With the conflict in Syria now entering its fifth year, the situation of more than 5.6 million children inside the country remains the most desperate. That includes up to 2 million children who are living in areas of the country largely cut off from humanitarian assistance due to fighting or other factors. Some 2.6 million Syrian children are still out of school.
Almost 2 million Syrian children are living as refugees in Lebanon, Turkey, Jordan and other countries. This is in addition to the 3.6 million children from vulnerable communities hosting refugees, who themselves are suffering due to the strain on services like education and health.

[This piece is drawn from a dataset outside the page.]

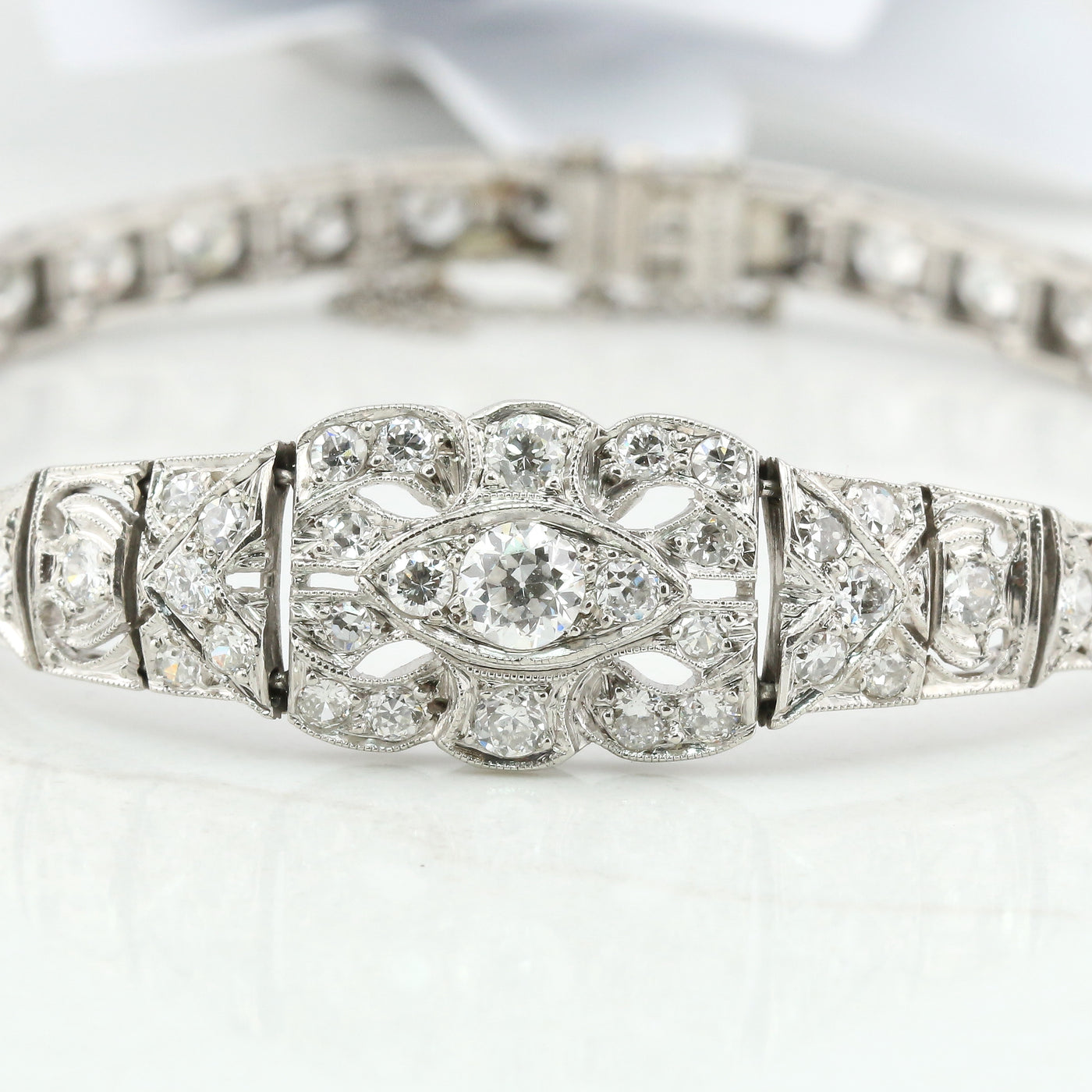 Platinum Art Deco diamond bracelet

Meanwhile, the increasingly interlinked crisis gripping Iraq has forced more than 2.8 million children from their homes, and left many trapped in areas controlled by armed groups.
“For the youngest children, this crisis is all they have ever known. For adolescents entering their formative years, violence and suffering have not only scarred their past; they are shaping their futures,” said UNICEF Executive Director Anthony Lake. “As the crisis enters its fifth year, this generation of young people is still in danger of being lost to a cycle of violence - replicating in the next generation what they suffered in their own.”
Despite the upheaval caused by the conflict, children and young people continue to demonstrate incredible courage and determination. In a series of new portraits unveiled on a special website, childrenofsyria.info, UNICEF recounts stories such as that of 16-year-old Alaa, who fled his home in the war-torn city of Homs, and is today continuing his studies while leading training courses for other children, and 10-year-old Christina, living in a shelter in the north of Iraq who helps even younger children with their lessons.
“Despite the harm they have suffered, the wrongs they have endured, and the apparent inability of adults to bring an end to this horrific conflict, the children affected by this crisis still have courage and determination to build better lives,” said Lake. “Seeing their determination, how can we be any less determined to help them? Knowing that they have not given up hope, how can we?”
UNICEF is urging longer-term investments to meet the needs of children and adolescents, to equip them with the skills and motivation to build a more stable future for themselves. Such investments, UNICEF says, should include:
• Opportunities for remedial education, vocational training, and recreation for adolescents. With some 5 million Syrian aged between 12 and 18 years old, young people require support that can provide skills and support livelihoods.
• Formal and informal learning opportunities for children impacted by conflict, and certification systems that help maintain pupils’ academic status.
• Services for vulnerable children, including survivors of violence, that provide psychosocial care and assistance.
• Strengthening education and health systems, as well as livelihood support, in host communities so all children affected in some way by the conflict are supported.